§ SOURCE DATA:
+--
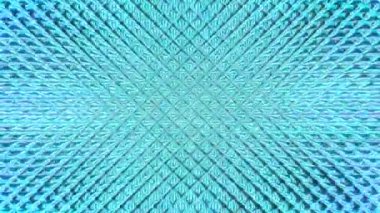 Çizgili dalgalar, arka planda parlayan renkli noktalar.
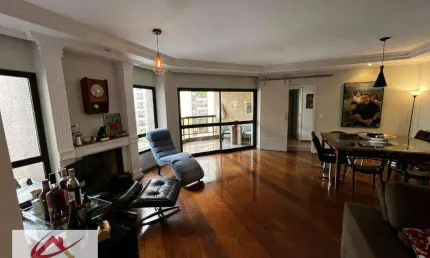 Apartamento com 3 dormitórios à venda, 160 m² por r$ 2.350.000,00 - moema - são paulo/sp
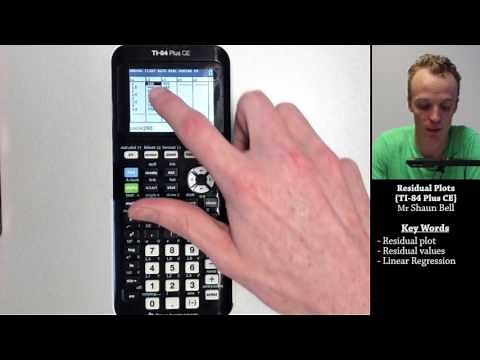 Bivariate Statistics: Residual Plots {TI 84 Plus CE}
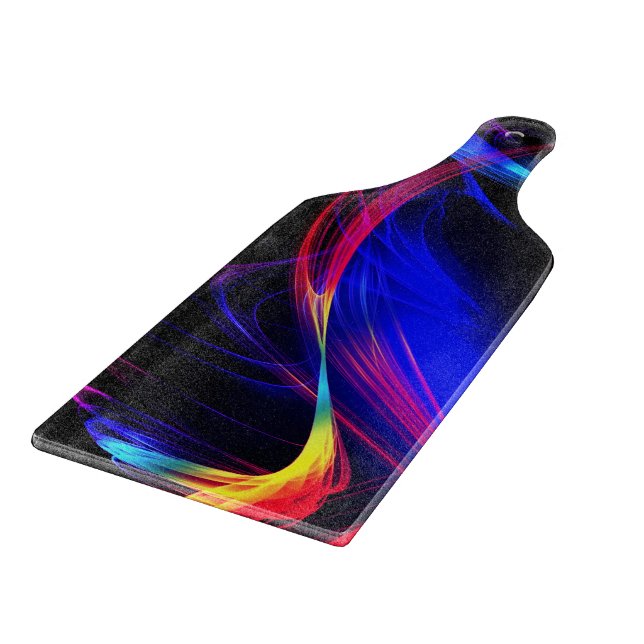 Tabla de cortar con luces coloridas (Borde)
+--
§ ABOUT THIS TASK: None of the pictures should be kept; reproduce all the remaining material exactly.

§ ANSWER SPACE:
 Çizgili dalgalar, arka planda parlayan renkli noktalar.
 Apartamento com 3 dormitórios à venda, 160 m² por r$ 2.350.000,00 - moema - são paulo/sp
 Bivariate Statistics: Residual Plots {TI 84 Plus CE}
 Tabla de cortar con luces coloridas (Borde)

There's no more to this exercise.